I(Izrailvich)と逢うことすらできていない。
できるときに—およそ2日のうちに—電報を打つでしょう。
今日は、きみの誕生日です。
この日、僕はいつも一人でしばらくの時間を過ごすのが好きで、いま自分の仕事場に座っています。…
そして、きみのことを考えます。
僕の思いは必ずしも明瞭または幸福ではなく、ときどきは訳の分からないものです。—そう、そのはずだと想像します。
ただ一つだけは明白です。こうした思いは、僕の人生の重要な全てだということ。そうした思いを何か役立つものにしたり、行動へと変えることができないのは、好くありません。」//
(21) スヴェータには、よい誕生日だった。9月12日に、レフにこう書いたように。//
「研究所では、二つの大きな束の花を貰いました(グラジオラス、ダリアや菊科のアスター)。ママが三つ目をくれました(カーネーション)。
みんな、花は良いことの前兆だと言います。
私は実験室のフラスコに私用に若干のアスターを残し、若干はMikh.(Mikhail)Al.(Aleksandrovich)のビーカーに入れました。
残りは、家にあります。
Irina とShura は、北方旅行のためにお願いしていた特別の一点の服をくれました。
Shura は誕生日にはいませんでした。…。でもIrina はいて、研究所のLinda もいました。
ママは素敵なキャベツ・パイを焼いてくれ、われわれは二個のケーキを食べました(砂糖の代わりに配給券で入手したもの)。」//
(22) 悪い知らせは、レフにそうするつもりだと告げたようには、15日にKirov へと出立しそうでないことだった。
研究所に、遅れがあった。
スヴェータは、レフに書き送った。

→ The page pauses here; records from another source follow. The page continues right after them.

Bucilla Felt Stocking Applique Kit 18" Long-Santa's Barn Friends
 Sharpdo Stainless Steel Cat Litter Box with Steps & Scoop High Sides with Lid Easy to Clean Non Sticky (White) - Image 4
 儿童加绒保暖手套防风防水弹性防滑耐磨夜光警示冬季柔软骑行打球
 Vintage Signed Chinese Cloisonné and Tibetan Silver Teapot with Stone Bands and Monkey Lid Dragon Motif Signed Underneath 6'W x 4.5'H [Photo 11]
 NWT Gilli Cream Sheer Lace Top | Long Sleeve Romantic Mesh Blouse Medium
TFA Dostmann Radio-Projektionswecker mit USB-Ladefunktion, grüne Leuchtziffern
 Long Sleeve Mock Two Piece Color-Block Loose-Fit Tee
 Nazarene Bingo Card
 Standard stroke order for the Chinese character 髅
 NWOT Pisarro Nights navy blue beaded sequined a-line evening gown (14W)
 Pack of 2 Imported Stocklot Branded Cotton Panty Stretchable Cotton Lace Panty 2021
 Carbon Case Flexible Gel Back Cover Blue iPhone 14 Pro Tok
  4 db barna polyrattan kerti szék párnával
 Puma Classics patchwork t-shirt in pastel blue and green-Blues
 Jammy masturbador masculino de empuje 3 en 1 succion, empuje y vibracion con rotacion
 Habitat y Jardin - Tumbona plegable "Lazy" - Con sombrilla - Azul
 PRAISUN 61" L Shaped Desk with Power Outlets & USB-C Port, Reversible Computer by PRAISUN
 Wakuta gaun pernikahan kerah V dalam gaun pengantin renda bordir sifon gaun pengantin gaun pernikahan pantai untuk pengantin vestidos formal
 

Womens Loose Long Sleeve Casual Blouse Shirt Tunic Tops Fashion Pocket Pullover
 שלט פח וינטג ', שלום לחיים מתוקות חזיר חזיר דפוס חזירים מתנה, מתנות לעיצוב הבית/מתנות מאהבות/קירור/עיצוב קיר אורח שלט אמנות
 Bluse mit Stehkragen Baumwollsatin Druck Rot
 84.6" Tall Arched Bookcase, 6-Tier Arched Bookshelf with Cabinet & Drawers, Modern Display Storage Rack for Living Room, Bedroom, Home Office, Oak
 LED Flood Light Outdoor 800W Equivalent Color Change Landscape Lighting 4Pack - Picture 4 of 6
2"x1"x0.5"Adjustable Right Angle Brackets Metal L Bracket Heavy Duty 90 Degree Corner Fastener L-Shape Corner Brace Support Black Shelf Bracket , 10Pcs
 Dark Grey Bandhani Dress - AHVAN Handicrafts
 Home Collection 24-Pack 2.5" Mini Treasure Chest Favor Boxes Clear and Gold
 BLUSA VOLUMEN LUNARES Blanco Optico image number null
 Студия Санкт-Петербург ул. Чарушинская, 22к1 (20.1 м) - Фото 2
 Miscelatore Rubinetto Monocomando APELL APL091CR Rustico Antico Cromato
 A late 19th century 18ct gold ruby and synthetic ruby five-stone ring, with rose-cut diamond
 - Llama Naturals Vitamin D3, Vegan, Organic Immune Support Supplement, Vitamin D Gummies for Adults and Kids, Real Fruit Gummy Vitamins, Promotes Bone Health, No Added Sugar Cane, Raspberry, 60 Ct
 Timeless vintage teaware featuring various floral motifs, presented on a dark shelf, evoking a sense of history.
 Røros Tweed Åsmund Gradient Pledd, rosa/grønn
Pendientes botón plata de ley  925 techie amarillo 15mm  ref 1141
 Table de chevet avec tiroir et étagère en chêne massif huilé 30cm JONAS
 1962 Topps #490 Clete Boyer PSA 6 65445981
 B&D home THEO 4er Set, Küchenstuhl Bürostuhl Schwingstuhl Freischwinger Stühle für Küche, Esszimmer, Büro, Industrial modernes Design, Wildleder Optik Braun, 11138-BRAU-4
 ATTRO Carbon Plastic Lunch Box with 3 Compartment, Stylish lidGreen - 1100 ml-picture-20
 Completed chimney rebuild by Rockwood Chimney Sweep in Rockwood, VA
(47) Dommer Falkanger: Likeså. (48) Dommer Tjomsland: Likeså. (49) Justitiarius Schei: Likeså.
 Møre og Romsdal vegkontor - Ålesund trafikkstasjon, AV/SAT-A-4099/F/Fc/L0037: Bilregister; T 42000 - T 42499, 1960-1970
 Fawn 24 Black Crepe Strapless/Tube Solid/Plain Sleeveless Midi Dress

「私の書類カバンに仕事旅行の詳細を入れているのですが、20世紀の間はいかなる金銭も約束しようとしてくれません」。
友人たちと親戚は、スヴェータのために金を集め始めて、彼女の月額給料よりも多い約1000ルーブルに達した。
その間にスヴェータは、「賃金と支払い率の不均衡について」と題する報告書を書くことで彼女の研究所から「別に300ないし400ルーブル」を受け取った(この金は、Tsydzik が不在の間に実験室の管理を引き受けた責任を負ったことによるものだった)。この報告書は、理事長がまともに読まないで署名たけする山積みの書類の中に綴じ込められた。
かりに自分のために金を求めていれば、彼女はきっと断られていただろう(研究所は現金が不足していて、所員への未払いの言い訳をいつも探していた)。そして、研究チームの指導者に必要な公共精神が足りないと責められていただろう。
なぜスヴェータは突如として金を必要としているのか、という厄介な疑問すら生まれたかもしれなかった。
スヴェータはこのような方法で理事長を欺くのは愉快でなかった。このことは、旅をすることで負う大きな危険についての一般的にな懸念に、さらに加わったことだった。
彼女はレフにこう書いた。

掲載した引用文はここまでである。